Matthew takes a deep breath, then points to his laptop. “So this Grant guy…he’s a really bad dude. I called Tully—asked him to do a little digging for me.”

    My stomach lurches as I nod, knowing that John Tully is his friend from law school who works in the DA’s office. “And?”

“And it turns out Grant is an unindicted co-conspirator in an insider trading scheme. He was involved with some guy by the name of Ned Pryor—a Goldman banker.”

“Wow,” I say, floored, the legal terms making everything more concrete. “Tully told you that?”

“Yeah. He found the court documents….Pryor was indicted in August, and I guess the only reason Grant hasn’t been indicted is because they couldn’t find him….And, of course, now they think he’s dead.”

I hesitate, then ask what crime they committed.

“Apparently Pryor was feeding Grant tips, and Grant was executing trades in an offshore account. They busted Pryor because the healthcare company they were trading in was his client—and he was traveling back and forth to the Caymans. Customs caught him with three hundred thousand in cash….They probably linked Grant to Pryor through phone records. Once they get the first guy, it’s never hard to find the rest of them.”

I let out a long sigh, then say, “Well, he had me completely fooled. What a con artist.”

“Total dirtbag.”

“Yeah. He is. But that reminds me of something else I wanted to explain. Something I was just thinking on the subway.”

“Yeah?” he says.

“Well, earlier, I told you that I thought I loved him…and you said that if I thought I did, I did….”

“Yes. I believe that,” he says. “And?”

“Well, I don’t believe that. I didn’t know him—not really—so I couldn’t have loved him.”

“You knew enough about him to fall in love.”

I start to reply—but he cuts me off. “You were wrong about the facts. But feelings are subjective. They’re feelings. And you can’t examine them in hindsight—and decide you just want to change what happened.”

    I stare at him, trying to follow his logic while arguing back my own point. “But if the feelings are based on incorrect facts—then the whole thing is an illusion, isn’t it?”

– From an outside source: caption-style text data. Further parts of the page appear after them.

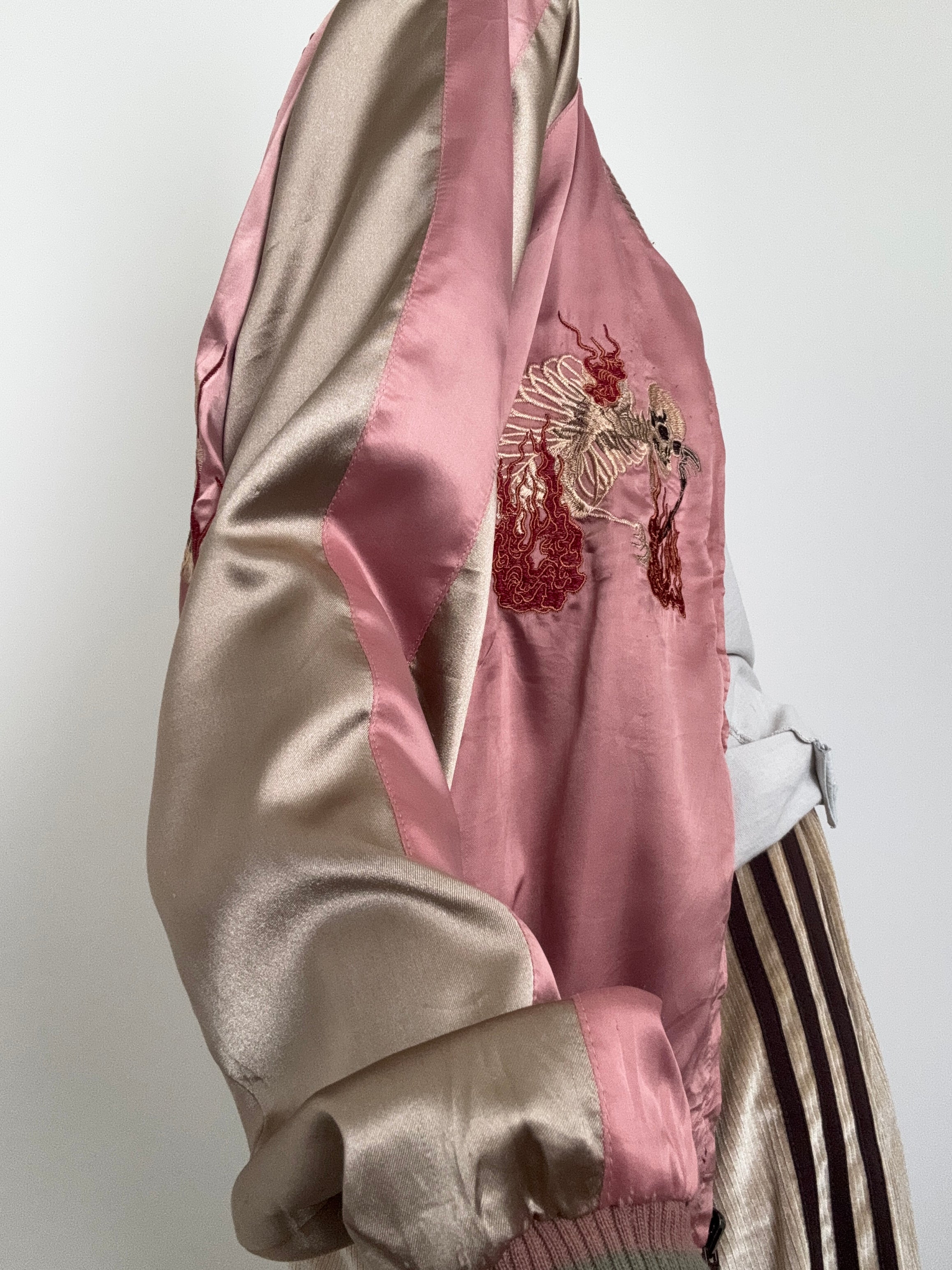 Future Nomads Jackets Medium Reversible Pink Satin Bomber Jacket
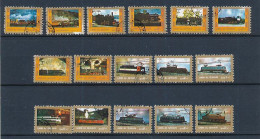 16 Mini Timbres Oblitérés D'UMM AL QWAIN Train Locomotive à Vapeur Ou électrique XIII-14 - Trains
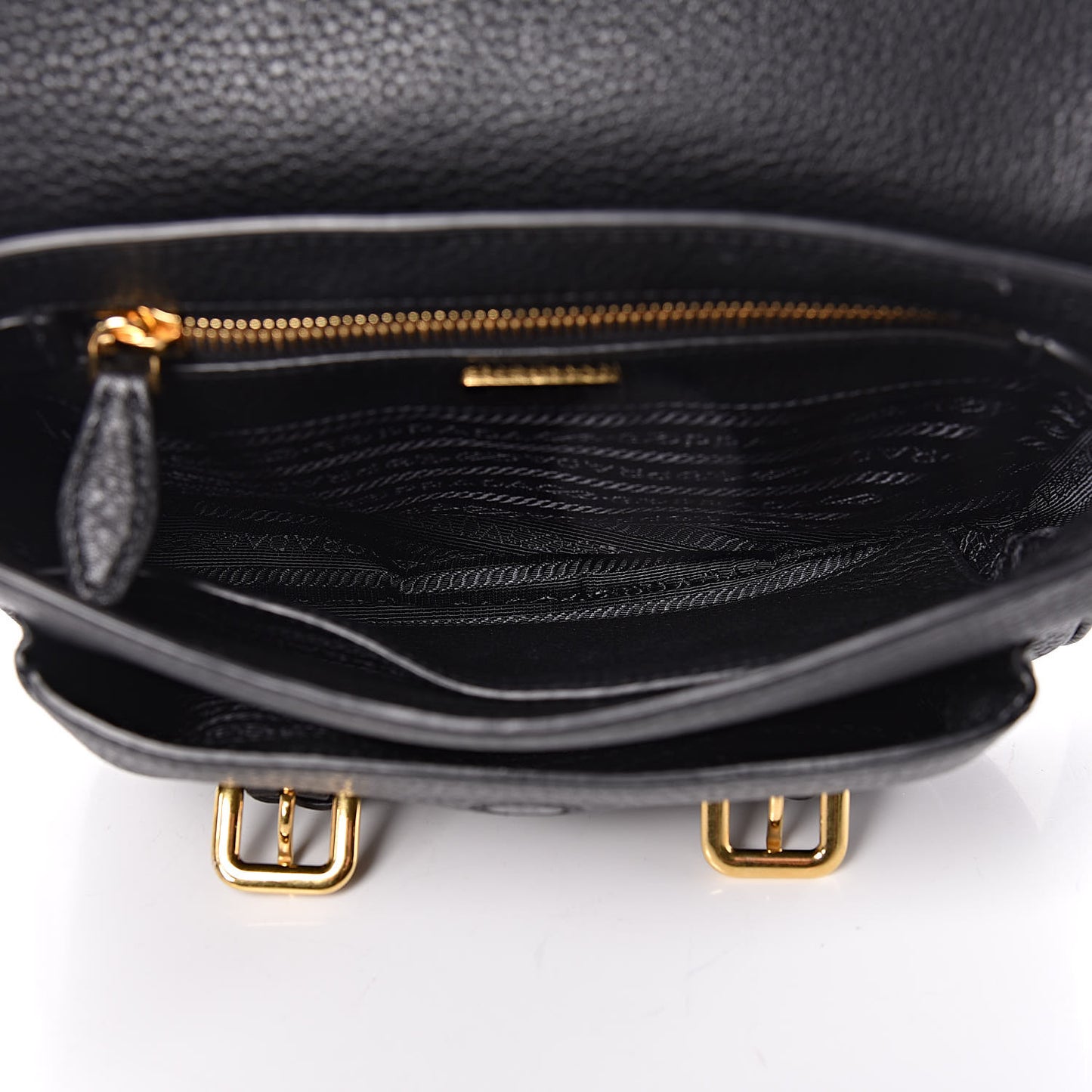 Vitello Daino Double Buckle Messenger Bag Black
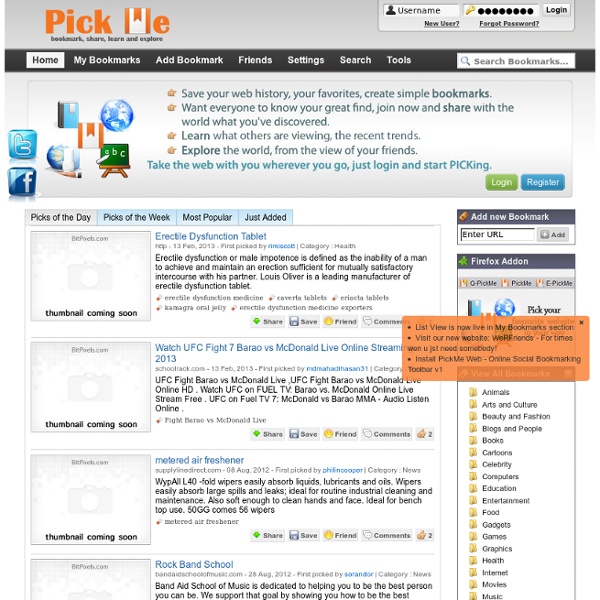 PickMe Web - Online Social Bookmarking - Share, Learn and Explore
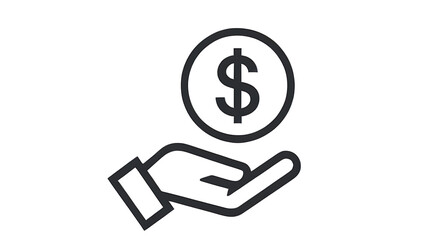 Minimalist Hand Holding Dollar Coin Icon – Financial Support Vector, dollar sign vector, money support,  financial investment, cash assistance, financial help, black and white vector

“Okay, so what does that say about us?” Matthew says, his eyes flashing.

I freeze, then tell him I don’t know what he’s asking me.

“I mean, I had some facts wrong. About you. So…does that mean I didn’t love you, say, this morning? Before I knew all of this?” He answers for me. “No. Of course it doesn’t. That’s absurd.”

Even when I’m rested and not emotional, I can’t win an argument with Matthew. So I certainly can’t win a war of words with him now, as I sit here completely drained with a throbbing headache and sore back from driving all day. I remind myself that it’s not a war—or even a battle—it’s simply two people trying to understand each other. So I take a breath, and try to explain what’s in my heart.

“Look, Matthew. Here’s the bottom line. Maybe I did love him, maybe I didn’t. But knowing what I know now? I no longer do. The lies he told changed my feelings for him now. And that makes me question everything I felt back then, too. So can we please stop with semantics?”